Article 5 ECHR permits the detention of alcoholics but RB argued that domestic law did not and that he was being detained as an alcoholic. Again this was rejected by the court:
37… The Court therefore concludes that the applicant was detained in accordance with the domestic law due to his lack of capacity (not as an "alcoholic"), or in Convention terms as a person of "unsound mind".
38. As the applicant is detained as a person of "unsound mind", the three minimum conditions of Winterwerp must be fulfilled (see paragraph 24 above) and it appears that they were in this case. First, the applicant was reliably shown to be of unsound mind, as a true mental disorder was established before the domestic courts on the basis of objective medical expertise (see paragraph 8 above). Second, the domestic courts concluded that the disorder was of a kind or degree warranting compulsory confinement (see paragraphs 8, 9 and 11). Third, the validity of the continued confinement depends upon the persistence of such a disorder.
Having rejected his Article 5 arguments, the court held that no separate issues arose under Article 8, and declared the application inadmissible.

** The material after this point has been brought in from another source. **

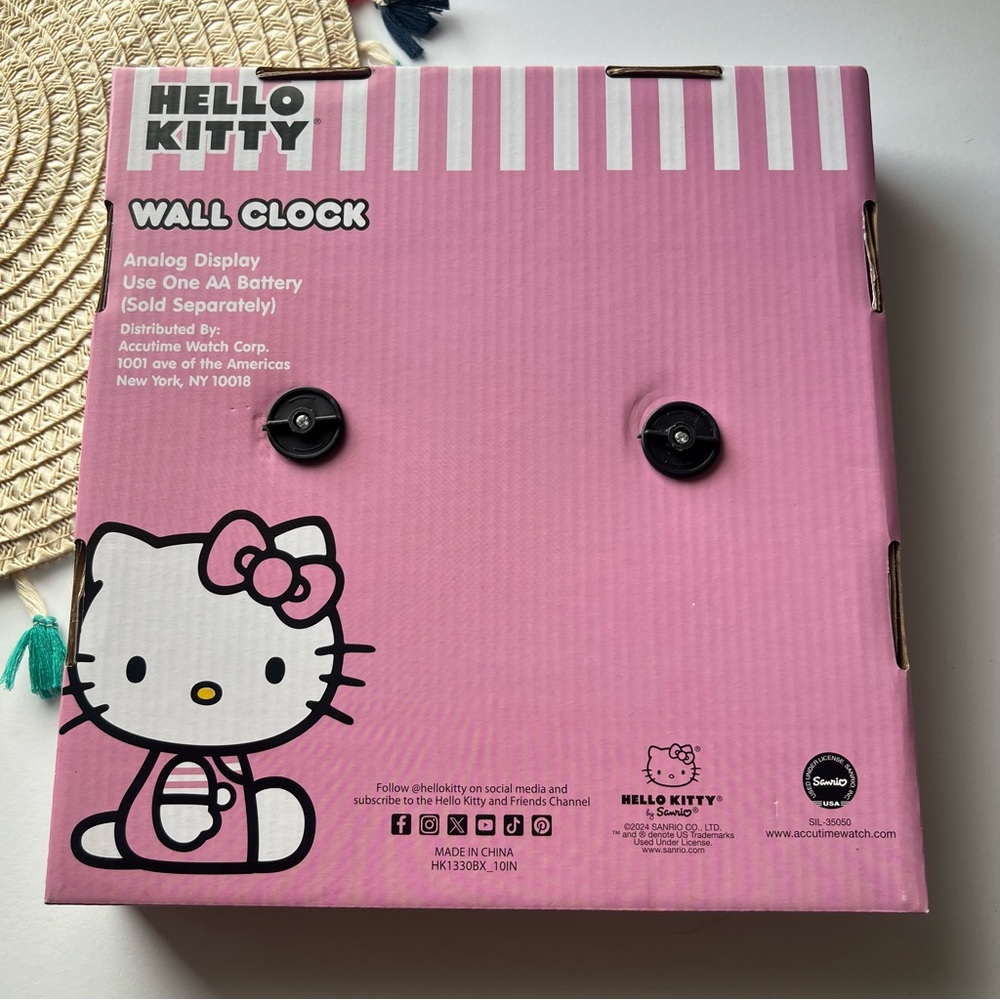 Hello Kitty Wall Clock NEW In Box - Picture 2 of 2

Albeit only on an admissibility decision, the European Court of Human Rights appears to have given DoLS a clean bill of health, this being the first time it has considered the state of English law since HL v United Kingdom. In particular, it seems that the Court was satisfied that DoLS addresses the criticisms made in HL. There are three noteworthy points about the judgment.
The first relates to the grounds for RB's detention. The Convention refers to "unsound mind". DoLS requires both mental incapacity (under MCA ss2-3) and mental disorder (under MHA s.1). In this case, RB's personality change caused by his acquired brain injury would amount to a mental disorder (as per para 38) but it is interesting that the court equated his "lack of capacity" with "unsound mind" (in para 37).
Do paras 37-38 conflict with each other? Or does mental incapacity provide sufficient grounds for detention under Article 5(1)(e)? The point is quite significant. If mental incapacity alone suffices, there is no need for the DoLS mental health assessment (although objective medical expertise would still be required, presumably in relation to mental incapacity). It would also expand the remit of Article 5(1)(e) ECHR to potentially cover all those who lack mental capacity, and would also, ironically, cut against the trend of the courts trying to 'de-medicalise' capacity and recognise it as a socio-legal construct. Whilst the Northern Ireland Mental Capacity Act 2016 (bravely) dispensed with a separate mental health requirement, the Law Commission was arguably well-advised to retain the mental health requirement for the Liberty Protection Safeguards, at least for now.
The second point to note is the court's clear endorsement of Winterwerp in this context. It demonstrates that the Court of Appeal erred in G v E and others  EWCA Civ 822 in deciding that Winterwerp was not applicable to detention under the MCA 2005.
The third point is that the Court appeared to be entirely unfazed by the current debate as to whether deprivation of liberty on the basis of unsoundness of mind is illegitimate having regard to Article 14 CRPD. As the first time in which the Court had to have regard to the elaborate administrative mechanism created by DoLS, taking Article 5(1)(e) far outside the context of psychiatric hospitals in which it was created, it might have been thought that this was the opportunity for the court to baulk at its very existence in light of Article 14 CRPD. To the contrary – as noted above, it gave DoLS a clean bill of health.
 Note, Alex and Nicola were both instructed on RB's behalf before the ECtHR; while Neil led on the writing of this note, as the case is now concluded Alex has not felt constrained from involvement in drafting by our usual editorial rules about involvement in notes on our own cases.